Anyway, since I'm regularly reminded of his existence, I'd been thinking of purchasing "Code" for some time (or hoping somebody would buy it for me) and I eventually got round to it. To tell you the truth it wasn't really what I was expecting. Code to me is what I use to write software, but Petzold uses a much wider definition. Code in this book refers to any kind of code from Morse, Braille through telegraphs, onto machine code, ASCII and finally onto programming languages. Although it wasn't what I was expecting I certainly wasn't disappointed. Over the course of the book, Petzold explains why computers are built the way they are, starting from the basic building blocks of relays leading onto transistors, binary numbers and logic gates. This then leads onto more complex circuits finally ending up with a microprocessor.

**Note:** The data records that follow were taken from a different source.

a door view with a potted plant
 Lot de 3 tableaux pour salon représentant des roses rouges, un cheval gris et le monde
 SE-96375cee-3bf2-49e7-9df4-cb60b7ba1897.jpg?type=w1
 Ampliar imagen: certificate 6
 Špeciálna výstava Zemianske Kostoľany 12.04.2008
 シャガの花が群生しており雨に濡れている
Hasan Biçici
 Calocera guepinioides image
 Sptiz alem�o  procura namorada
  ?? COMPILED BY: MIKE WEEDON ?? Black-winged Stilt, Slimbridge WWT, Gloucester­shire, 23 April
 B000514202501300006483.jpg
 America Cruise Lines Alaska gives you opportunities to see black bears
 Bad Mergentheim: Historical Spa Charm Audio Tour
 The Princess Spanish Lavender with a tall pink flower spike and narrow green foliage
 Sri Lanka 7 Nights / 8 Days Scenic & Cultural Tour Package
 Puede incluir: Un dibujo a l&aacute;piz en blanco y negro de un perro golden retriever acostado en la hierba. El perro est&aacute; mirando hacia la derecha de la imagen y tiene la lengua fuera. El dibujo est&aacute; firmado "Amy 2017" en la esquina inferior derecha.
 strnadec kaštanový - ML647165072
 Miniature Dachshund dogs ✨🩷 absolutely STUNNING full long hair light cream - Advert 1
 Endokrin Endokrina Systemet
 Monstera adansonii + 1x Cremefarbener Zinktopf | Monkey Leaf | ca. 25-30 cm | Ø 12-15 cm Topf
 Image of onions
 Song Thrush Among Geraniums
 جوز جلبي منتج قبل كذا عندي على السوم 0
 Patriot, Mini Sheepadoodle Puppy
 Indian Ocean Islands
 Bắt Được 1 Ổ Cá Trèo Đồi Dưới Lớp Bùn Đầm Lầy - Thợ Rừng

Then he adds to this to finally end up with something resembling the computer we know today.
And all the time, he is explaining why there is the need to build what we are trying to build. For instance, I remember learning abut flip-flops at Uni but I don't remember anybody ever explaining why they are useful (they're a basic form of memory if you're interested). Of course it's quite possible I just wasn't listening when that bit was explained but nevertheless "Code" was a great reminder of the things I've learnt in the past. It also helped to join the dots between different bits of technology.
The book is almost ten years old now, but due to its bias towards the history of computer technology it hasn't dated, unlike most tech books. I guess the final chapter may seem a little out of date but that isn't of major importance.
The only problem I can see with the book is that it may not be suited to non-techy people. There is nothing here that couldn't be understood by a lay-person but it would probably be pretty heavy going. But for a technical person looking for a refresher on the building blocks of computers it is perfect.